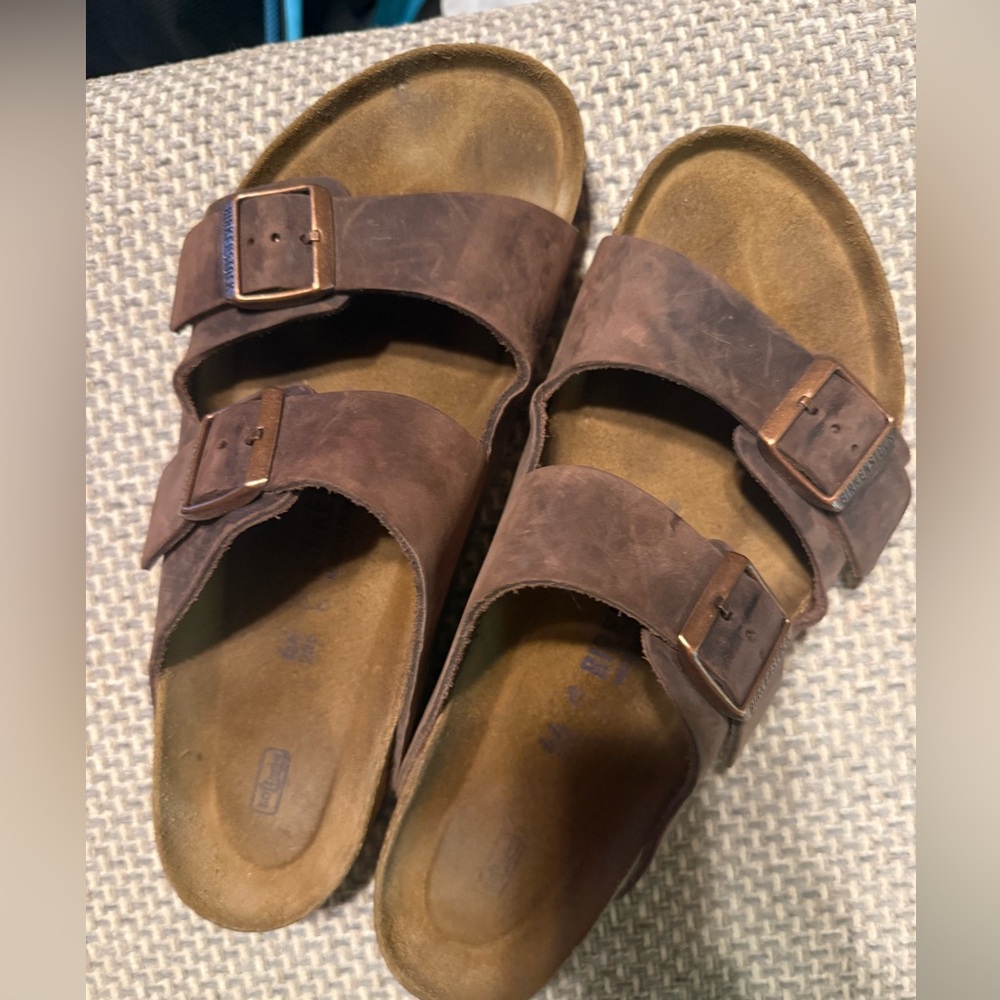 Arizona Soft Footbed Birkenstock
Oiled Leather- Habana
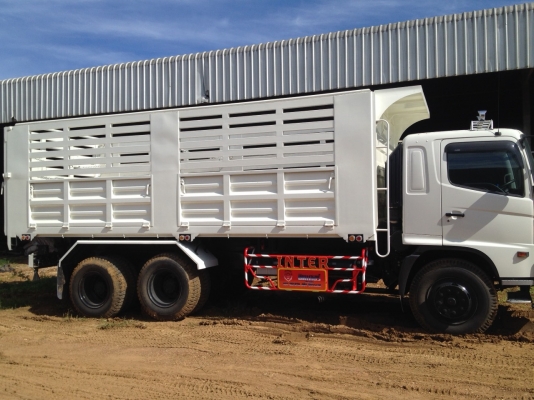 ขายรถใหม่ HINO 251แรง พร้อมกระบะเหล็กดัมพ์สีขาว สนใจติดต่อสอบถามได้ที่ 081-9832626 (เฮียโชค)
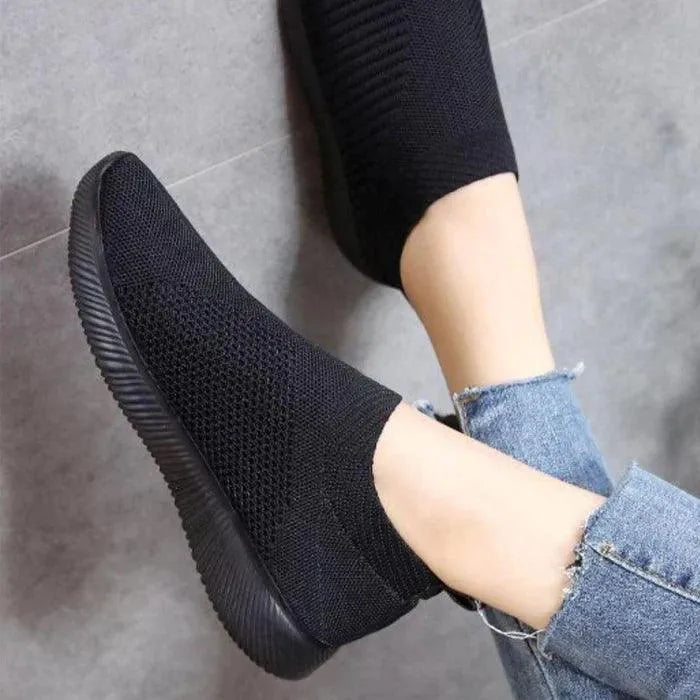 Zapatillas Femeninas Ortopédicas | Confort y Ligereza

- [Directions] Retype the data exactly; images stay out.

- [Answer for this exercise]
 Arizona Soft Footbed Birkenstock
Oiled Leather- Habana
 ขายรถใหม่ HINO 251แรง พร้อมกระบะเหล็กดัมพ์สีขาว สนใจติดต่อสอบถามได้ที่ 081-9832626 (เฮียโชค)
 Zapatillas Femeninas Ortopédicas | Confort y Ligereza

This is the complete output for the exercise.